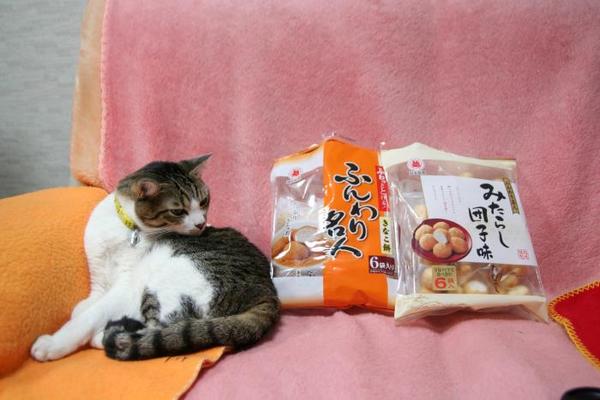 今年もこの日がやってきた。シマ1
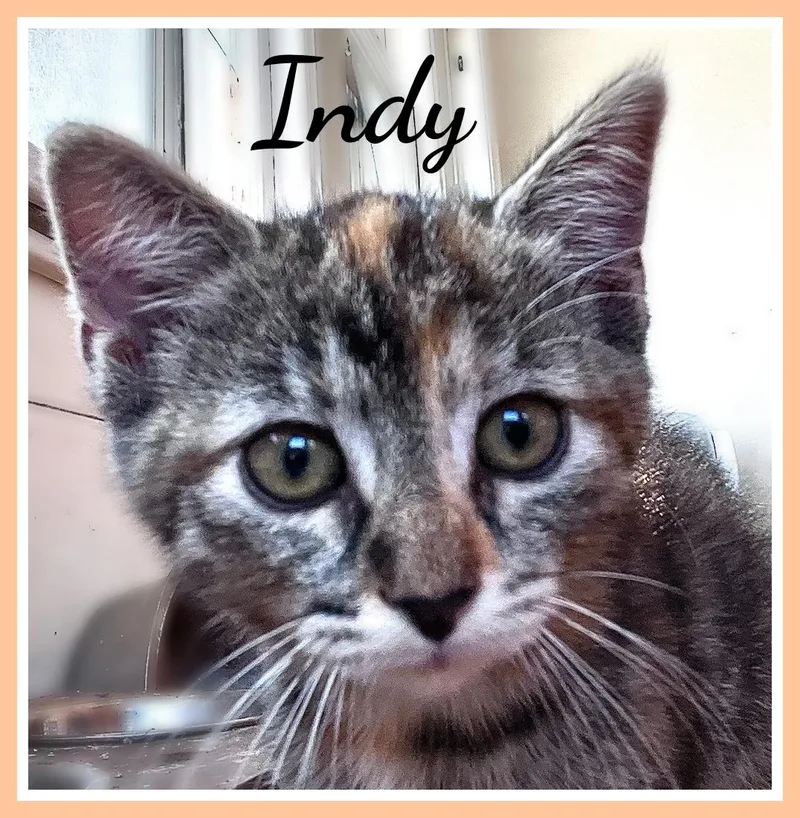 A baby medium-sized female Torbie Domestic Short Hair cat named Indy for adoption in Valley City, ND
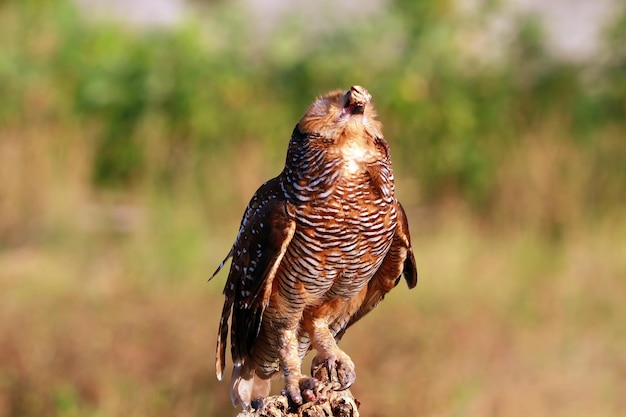 Gufo sul tronco d'albero in natura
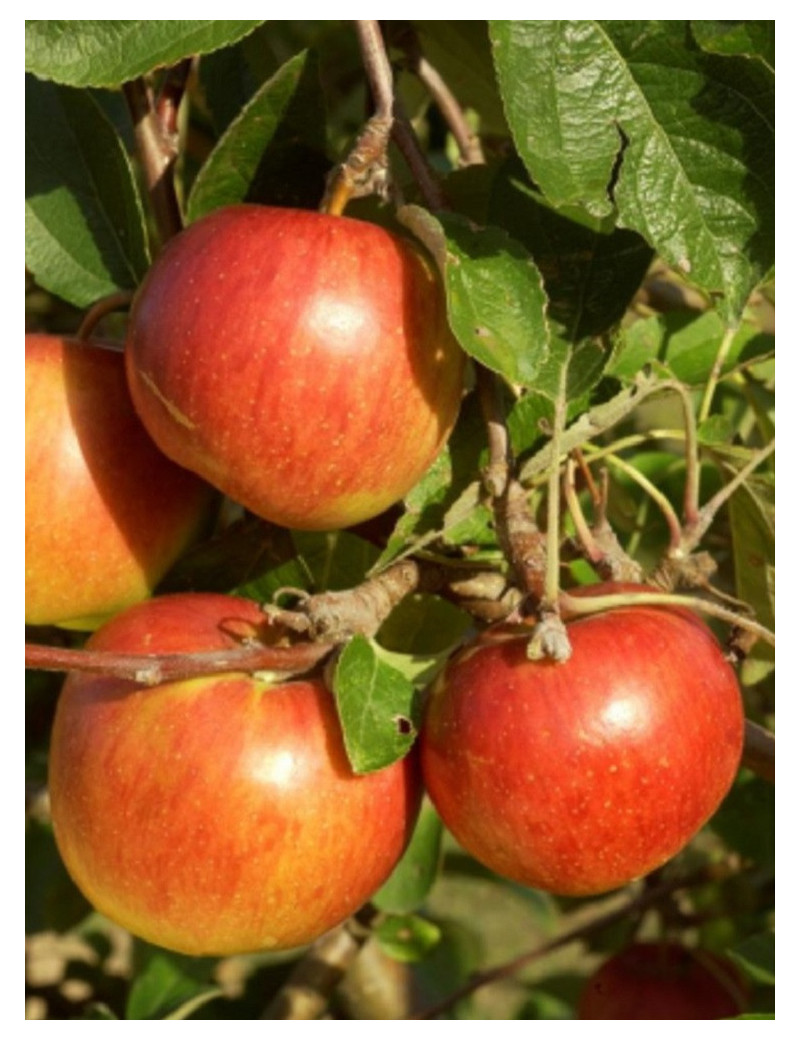 POMMIER ELSTAR POMMIER ELSTAR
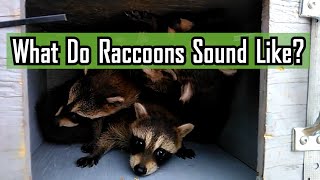 What Do Raccoons Sound Like [upl. by Dalila]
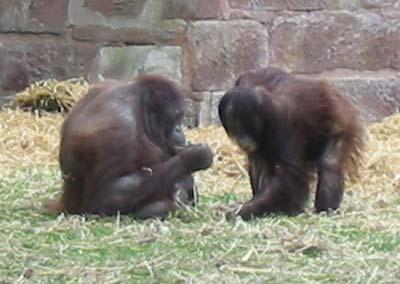 Two orang-utans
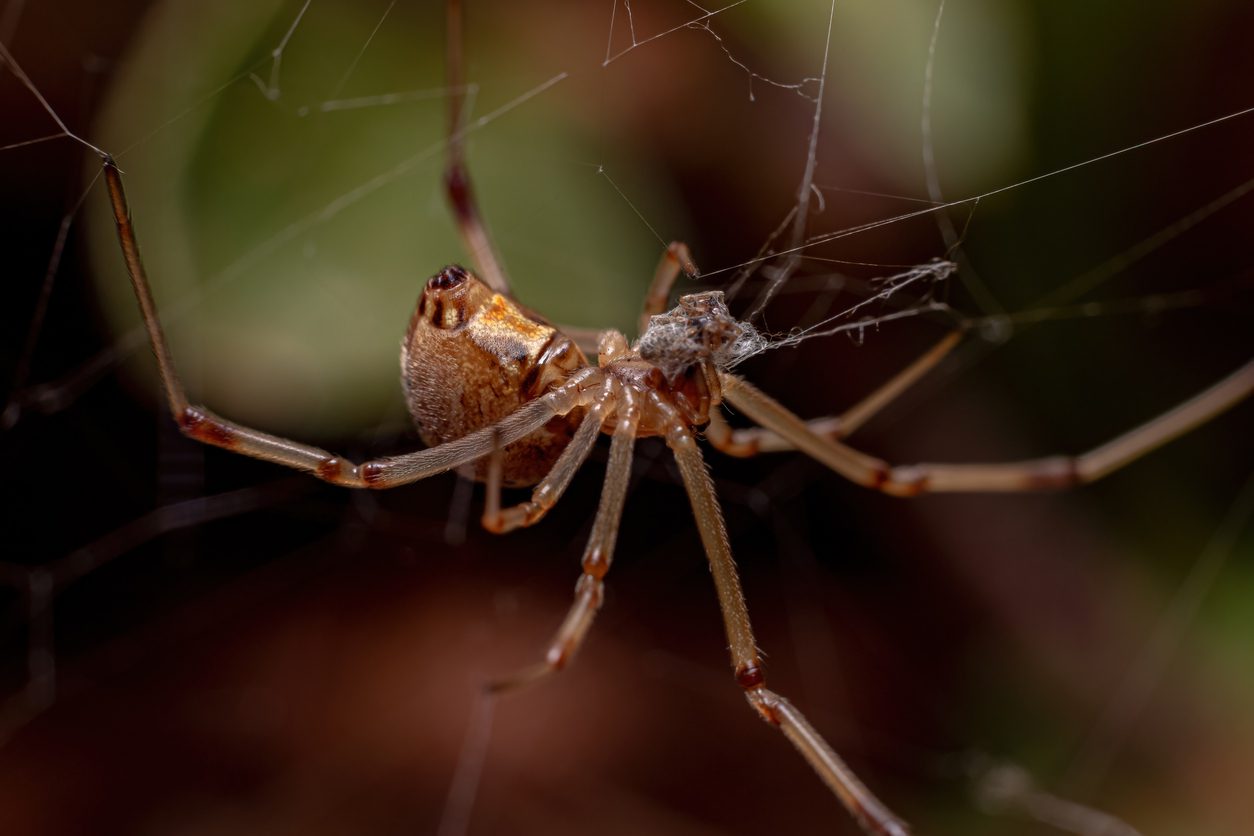 Female Brown Widow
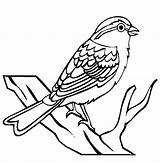 Sparrow Clip Birds Bird Coloring Clipart Drawing Worksheet Pages Kindergarten Line Outline Color Insects Printable Chipping Fruit Cartoon Iii Animals sketch template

■ The task ■
Leave the pictures aside and output each entry exactly as it stands.

■ Result of this task ■
 今年もこの日がやってきた。シマ1
 A baby medium-sized female Torbie Domestic Short Hair cat named Indy for adoption in Valley City, ND
 Gufo sul tronco d'albero in natura
 POMMIER ELSTAR POMMIER ELSTAR
 What Do Raccoons Sound Like [upl. by Dalila]
 Two orang-utans
 Female Brown Widow
 Sparrow Clip Birds Bird Coloring Clipart Drawing Worksheet Pages Kindergarten Line Outline Color Insects Printable Chipping Fruit Cartoon Iii Animals sketch template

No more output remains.